The character drama, on the other , mostly comes from Jory, who seems like a particularly fraught person, and who has leaned on his brother for most of his life—but as he tells his new girlfriend in a monologue, he has long suspected that there’s some secret resentment in their relationship. When Stuart disappears for a week after starting at NORCO, Jory becomes a paranoid, twitchy mess, worried that someone has been breaking into the motel room he and Stuart were sharing (saying that he detected a “deadly sweet scent”), and it leads to a good mid-episode twist when Stuart appears again, after the audience has already seen his body taken away on a slab.

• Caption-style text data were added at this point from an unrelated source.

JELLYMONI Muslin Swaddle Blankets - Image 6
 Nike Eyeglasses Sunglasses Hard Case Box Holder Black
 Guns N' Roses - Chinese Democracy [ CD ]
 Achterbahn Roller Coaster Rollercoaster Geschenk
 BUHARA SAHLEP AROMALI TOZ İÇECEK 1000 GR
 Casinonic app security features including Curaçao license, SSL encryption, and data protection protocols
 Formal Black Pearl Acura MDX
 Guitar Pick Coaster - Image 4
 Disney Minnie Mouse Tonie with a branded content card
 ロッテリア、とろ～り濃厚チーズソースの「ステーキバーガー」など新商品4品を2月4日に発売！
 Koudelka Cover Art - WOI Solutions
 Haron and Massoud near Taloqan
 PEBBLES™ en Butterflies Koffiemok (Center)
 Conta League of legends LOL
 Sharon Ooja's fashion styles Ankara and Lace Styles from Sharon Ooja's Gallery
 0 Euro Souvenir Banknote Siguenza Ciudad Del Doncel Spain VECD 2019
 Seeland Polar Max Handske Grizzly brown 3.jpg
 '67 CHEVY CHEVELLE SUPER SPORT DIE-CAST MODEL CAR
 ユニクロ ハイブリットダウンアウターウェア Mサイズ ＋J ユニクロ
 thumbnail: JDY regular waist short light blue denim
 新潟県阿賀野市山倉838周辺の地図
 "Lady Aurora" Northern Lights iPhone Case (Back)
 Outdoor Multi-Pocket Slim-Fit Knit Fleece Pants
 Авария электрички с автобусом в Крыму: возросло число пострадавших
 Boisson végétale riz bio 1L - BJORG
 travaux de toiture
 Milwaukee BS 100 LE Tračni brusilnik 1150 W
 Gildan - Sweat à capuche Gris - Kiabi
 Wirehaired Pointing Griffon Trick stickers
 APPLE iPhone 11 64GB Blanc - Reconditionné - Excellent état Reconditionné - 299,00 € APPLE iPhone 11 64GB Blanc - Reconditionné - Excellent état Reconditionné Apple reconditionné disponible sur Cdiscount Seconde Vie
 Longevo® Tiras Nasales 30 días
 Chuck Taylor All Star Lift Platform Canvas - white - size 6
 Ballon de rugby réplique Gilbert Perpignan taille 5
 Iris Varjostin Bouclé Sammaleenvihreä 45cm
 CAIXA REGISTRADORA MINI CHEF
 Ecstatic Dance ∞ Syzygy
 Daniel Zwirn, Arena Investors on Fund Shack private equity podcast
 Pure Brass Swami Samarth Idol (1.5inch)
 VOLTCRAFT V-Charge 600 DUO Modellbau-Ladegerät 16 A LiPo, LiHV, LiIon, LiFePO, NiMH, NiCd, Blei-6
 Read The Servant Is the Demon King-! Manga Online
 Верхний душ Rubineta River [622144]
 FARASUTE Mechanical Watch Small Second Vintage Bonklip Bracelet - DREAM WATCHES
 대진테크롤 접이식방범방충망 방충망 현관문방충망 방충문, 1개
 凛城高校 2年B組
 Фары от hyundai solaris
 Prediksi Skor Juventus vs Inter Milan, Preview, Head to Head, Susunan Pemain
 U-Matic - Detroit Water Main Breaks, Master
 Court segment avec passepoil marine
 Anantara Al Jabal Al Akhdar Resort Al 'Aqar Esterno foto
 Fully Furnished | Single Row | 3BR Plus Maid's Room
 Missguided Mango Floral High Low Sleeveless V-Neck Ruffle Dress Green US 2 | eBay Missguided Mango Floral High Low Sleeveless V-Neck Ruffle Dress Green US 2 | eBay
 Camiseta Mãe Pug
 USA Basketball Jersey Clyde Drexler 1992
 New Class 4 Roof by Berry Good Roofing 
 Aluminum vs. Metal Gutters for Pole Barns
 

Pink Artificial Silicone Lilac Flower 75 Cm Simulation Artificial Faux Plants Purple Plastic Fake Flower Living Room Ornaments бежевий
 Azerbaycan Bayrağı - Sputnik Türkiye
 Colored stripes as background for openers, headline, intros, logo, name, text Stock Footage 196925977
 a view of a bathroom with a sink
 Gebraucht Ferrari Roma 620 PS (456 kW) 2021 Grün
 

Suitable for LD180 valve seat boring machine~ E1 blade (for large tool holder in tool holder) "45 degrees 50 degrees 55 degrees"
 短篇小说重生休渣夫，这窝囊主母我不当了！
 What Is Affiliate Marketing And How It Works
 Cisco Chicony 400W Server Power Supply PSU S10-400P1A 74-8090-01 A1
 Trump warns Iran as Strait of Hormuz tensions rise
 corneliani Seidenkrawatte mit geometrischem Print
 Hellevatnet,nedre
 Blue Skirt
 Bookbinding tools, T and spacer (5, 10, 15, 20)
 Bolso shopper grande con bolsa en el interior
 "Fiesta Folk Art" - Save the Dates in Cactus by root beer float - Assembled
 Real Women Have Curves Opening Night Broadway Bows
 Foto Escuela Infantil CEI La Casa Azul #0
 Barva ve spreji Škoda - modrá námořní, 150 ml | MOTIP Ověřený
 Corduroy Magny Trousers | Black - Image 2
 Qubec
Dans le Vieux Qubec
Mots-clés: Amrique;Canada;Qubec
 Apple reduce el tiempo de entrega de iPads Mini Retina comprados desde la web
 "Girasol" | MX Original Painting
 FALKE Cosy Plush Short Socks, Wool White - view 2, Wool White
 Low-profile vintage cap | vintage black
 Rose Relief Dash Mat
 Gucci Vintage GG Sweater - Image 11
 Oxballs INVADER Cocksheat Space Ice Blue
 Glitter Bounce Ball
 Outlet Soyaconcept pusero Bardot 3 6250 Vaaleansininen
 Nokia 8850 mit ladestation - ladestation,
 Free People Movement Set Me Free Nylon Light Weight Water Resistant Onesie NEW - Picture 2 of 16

Stuart and Jory’s conversation plays on the resentment that the younger brother feared, although it’s difficult to tell if Stuart telling Jory to remove himself from his life comes from a genuine change in character or is Stuart’s attempt to protect his brother—the whole argument, with the constant sound of a filling bathtub in the background, is full of tension and leads to a payoff that is both surprising and unsurprising, some great teamwork from Stefano and Oswald.

This is where all the things at NORCO begin to fall apart, as the accidental destruction of Stuart’s pacemaker in the argument attracts the attention of the police, led by detective Siroleo (the late, great Ed Asner), who becomes suspicious when the stories told by Jory and the coroner tell him that Stuart’s pacemaker had to been implanted very recently. Siroleo takes a trip to NORCO, where Bloch and Linden are friendly enough but unwilling to share much information, but Linden eventually cracks under the strain of witnessing, and participating in, so much death—eventually she shoots Dr. Bloch with his own gun, one last act of violence that seems to break her completely, leaving her to almost willingly embrace her “punishment” by the climactic release of the energy monster. I guess the weirdest thing about this climax is how little involvement Jory has in it—after being the focus for so much of the episode, we spend most of the finale with Siroleo instead. While Jory does appear at the end—after parking outside NORCO with his girlfriend, he becomes so overcome with anger that decides to break in and confront the people who caused his brother’s death—it’s only after much of the action has taken place. There’s some storytelling logic to this decision—there’s no way NORCO would have let Jory in after a confrontation with security earlier in the episode—it’s still not the kind of traditional character conclusion you’d expect from a story like this. I guess what Jory sort of represents in the story is the kind of random X Factor that causes its dissolution—he was the non-dependant dependant, the thing that Dr. Bloch was trying desperately to avoid in order to keep his study of the energy being going.

There’s also a very random feeling to the monster, which came out of nowhere, has no known point of origin, and even by the end is little understood by any of the characters involved. The story does not end with its destruction or removal, just its continual containment, and the Control Voice reminds us in his closing remarks about the Conservation of Energy Law, mentioned so frequently in the episode. The energy being exists, and it cannot be destroyed, no matter how much Dr. Linden and the staff at NORCO (aside from Dr. Bloch) tried—it can only be “controlled, channelled for good, held isolated from evil…and somehow lived with peaceably.” This seems like an interesting way to look at a monster story like this, where the monstrous is an unmovable fact of reality, and it is only what we do with it that matters—it could be used for violence, as it done here, but there is still a possibility that it could lead us elsewhere, maybe help us better understand our universe. This is not the wholly antagonistic threat we saw in “Corpus Earthling”, and not a thing that should necessarily fill us with dread—although some dread is probably still allowed. In the end, though, it exists, and we’re just going to have to deal with it.